Of course, Babi, you're right. Dickens is so much easier to read. Is it because the feeling and emotions, the thinking, are all so familiar to us, compared to the Russian ways? Haven't we all grown up with the prayer of Dickens's Child's Hymn?
What a road Pip has travelled since we first met him musing about his beginnings and his fateful encounter with Magwitch in the marsh country. But how did Estella arrive at her place in the story? At last we get to hear about her strange fate in life. Near the end of Chapter X, the remorseful Miss Havisham exclaims:
'When she first came, I meant to save her from misery like mine.'
We know that she came, after Mr Jaggers had been asked to find a child for her.

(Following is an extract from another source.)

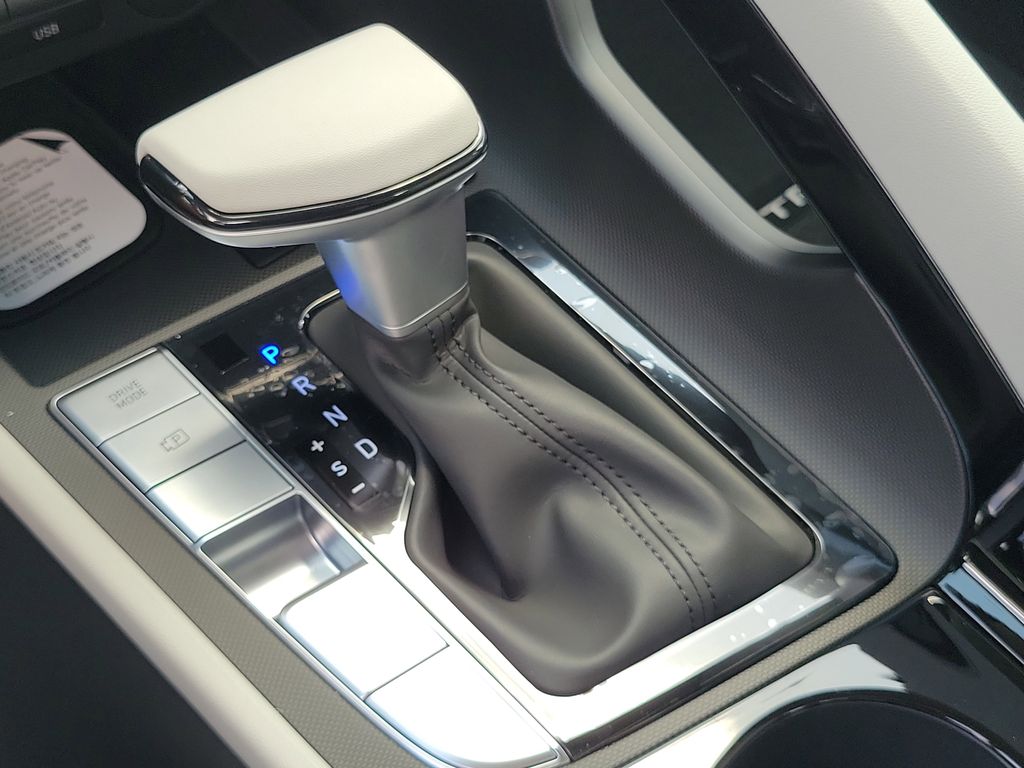 Thumbnail: 2026 Hyundai Elantra - 12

And he in turn, having Molly and her child on his hands, and feeling certain that he was saving the child from a dismal future, passed Estella along to Miss Havisham. Another moving scene in which Jaggers tells Pip about it:
'Put the case that he (I, the lawyer, Jaggers) lived in an atmosphere of evil, and that all he saw of children, was their being generated in great numbers for certain destruction. Put the case that he often saw children solemnly tried at a criminal bar, where they were held up to be seen; put the case that he habitually knew of their being imprisoned, whipped, transported, neglected, cast out, qualified in all ways for the hangman, and growing up to be hanged. Put the case that pretty nigh all the childern he saw in his daily business life, he had reason to look upon as so much spawn, to devilop into the fish that were to come to his net - to be prosecuted, defended, forsworn, made orphans, be be-devilled somehow.' Chapter XII.
Doesn't that break your heart. The lucky children got to learn the Child's Hymn. But how about Estella? What was she saved from? What a strange fate awaited this poor little girl when she was born. What an irony. They agree among themselves that it would be best not to tell Estella about her parentage!!!